East-West-Central-South

African contemporary piano music

Genuin GEN 24888

1 CD • 10min • 2023

06.07.2024

Künstlerische Qualität:
Künstlerische Qualität: 9
Klangqualität:
Klangqualität: 9
Gesamteindruck:
Gesamteindruck: 9

Von allen (bewohnten) Kontinenten dürfte Afrika vermutlich derjenige sein, den man am wenigsten mit klassischer Musik in Verbindung bringt, vielleicht mit Ausnahme von Südafrika, wo es im 20. Jahrhundert durchaus eine Reihe von Komponisten gibt, deren Musik auf Tonträger dokumentiert ist.
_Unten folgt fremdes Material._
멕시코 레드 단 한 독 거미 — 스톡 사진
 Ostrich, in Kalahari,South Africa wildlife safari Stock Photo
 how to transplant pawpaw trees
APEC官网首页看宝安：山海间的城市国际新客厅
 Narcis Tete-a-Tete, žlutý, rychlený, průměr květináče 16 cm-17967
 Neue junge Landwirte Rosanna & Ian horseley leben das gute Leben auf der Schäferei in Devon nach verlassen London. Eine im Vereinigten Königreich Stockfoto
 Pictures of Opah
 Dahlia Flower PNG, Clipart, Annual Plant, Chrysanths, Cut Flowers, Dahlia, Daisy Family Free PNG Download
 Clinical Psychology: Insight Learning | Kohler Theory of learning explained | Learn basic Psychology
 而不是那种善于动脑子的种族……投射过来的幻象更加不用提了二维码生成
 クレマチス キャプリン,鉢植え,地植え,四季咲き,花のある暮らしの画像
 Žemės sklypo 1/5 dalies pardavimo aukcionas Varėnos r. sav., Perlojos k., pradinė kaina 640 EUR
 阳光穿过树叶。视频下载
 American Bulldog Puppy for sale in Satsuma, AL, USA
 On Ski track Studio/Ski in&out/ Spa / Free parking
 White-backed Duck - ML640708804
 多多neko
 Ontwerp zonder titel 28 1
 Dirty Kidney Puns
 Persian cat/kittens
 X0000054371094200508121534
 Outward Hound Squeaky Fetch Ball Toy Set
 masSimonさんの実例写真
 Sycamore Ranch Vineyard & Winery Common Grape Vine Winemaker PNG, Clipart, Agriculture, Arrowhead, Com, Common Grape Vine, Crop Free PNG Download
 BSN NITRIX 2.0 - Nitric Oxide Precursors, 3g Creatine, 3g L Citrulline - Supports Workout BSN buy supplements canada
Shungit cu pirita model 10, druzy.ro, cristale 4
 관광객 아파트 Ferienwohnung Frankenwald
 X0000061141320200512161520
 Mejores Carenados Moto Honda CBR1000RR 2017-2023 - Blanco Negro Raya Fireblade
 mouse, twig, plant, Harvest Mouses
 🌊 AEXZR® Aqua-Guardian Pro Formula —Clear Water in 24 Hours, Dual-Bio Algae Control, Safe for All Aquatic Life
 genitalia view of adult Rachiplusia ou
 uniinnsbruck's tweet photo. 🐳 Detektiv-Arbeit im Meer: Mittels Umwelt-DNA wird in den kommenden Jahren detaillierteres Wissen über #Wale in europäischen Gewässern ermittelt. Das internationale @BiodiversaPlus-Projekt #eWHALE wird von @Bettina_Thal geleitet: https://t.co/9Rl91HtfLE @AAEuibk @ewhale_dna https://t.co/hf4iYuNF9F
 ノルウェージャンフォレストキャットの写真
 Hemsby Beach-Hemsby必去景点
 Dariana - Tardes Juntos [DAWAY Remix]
Insofern ist das neue Album des Pianisten Jan Gerdes, East-West-Central-South betitelt, sehr willkommen, denn es stellt Werke von sechs zeitgenössischen afrikanischen Komponisten vor, deren Musik oft genug vorher kaum auf CD repräsentiert war – selbstverständlich im Rahmen einer persönlichen, individuell gefärbten Auswahl durch Gerdes selbst.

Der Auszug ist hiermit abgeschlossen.